For younger generations who are most active online, these stereotypes paint a shallow picture of them as people and leave them questioning where they belong.

Take, for instance, the 2019 study that found members of Gen Z  have an eight-second attention span –  four seconds less than that of millennials. While this may appear negative at first, this finding suggests that those within Gen Z can communicate in a quick, concise manner. Another stereotype is their addiction to technology and their avoidance of face-to-face interaction. While this may be worrisome to their parents, it means that they are experts in the field and can utilize technology to their benefit.

Gen Z is also thought to be flighty when it comes to work, with 43% accepting positions then bailing on the offer afterward. However, studies have shown that Gen Z is no more irresponsible than any other previous generation. Furthermore, there are 6.7 million jobs in this job-seeker market but only 6.4 million employees. Thus, the grass truly is greener on the other side.

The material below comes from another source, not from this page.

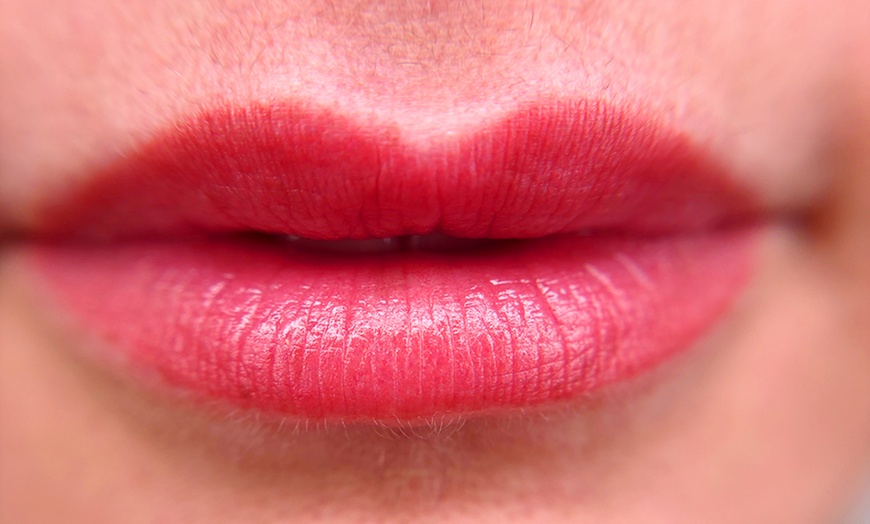 Image 4: Transform Your Look with One Powder Brow or Lip Blushing Sessions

The Problem with Stereotypes:

Similar to the assumption that older adults are incapable of self-care, stereotypes about younger generations can be extremely harmful. While ageism is a widely discussed topic, the stereotypical views of young people tend to be ignored within research.  

Young people tend to be thought of as inexperienced and immature within society. Unfortunately, these beliefs can lead to unjust practices and discrimination just as they do with older adults. Lower wages or unpaid internships are considered milestones of youth for many, but are they fair? Are they just?

Many areas can be listed as ageism when looking at youth today. In fact, many believe that ageism towards young people may be more prevalent than it is towards the elderly and are looking to tackle this widespread issue head-on.

Regardless of your age, stereotypes perpetuate misconceptions that can hinder your success in life and hold you back. If you are constantly being told that you are lazy, you will eventually stop trying to succeed.

Unfortunately, stereotypes related to age begin in early childhood. Thus, the cycle can be challenging to break. Ageism crosses boundaries like no other form of discrimination. Ageism is expressed institutionally, individually, and inter-generationally, and society is set up to favor a stereotypical view of youth.  

To combat this persistent pattern, governments need to create age-appropriate programs that are not built on society’s preconceived standards. Individuals need to challenge their beliefs and listen to their language, and companies need to take risks on younger employees. We essentially need to question all that we think we know and change the future moving forward.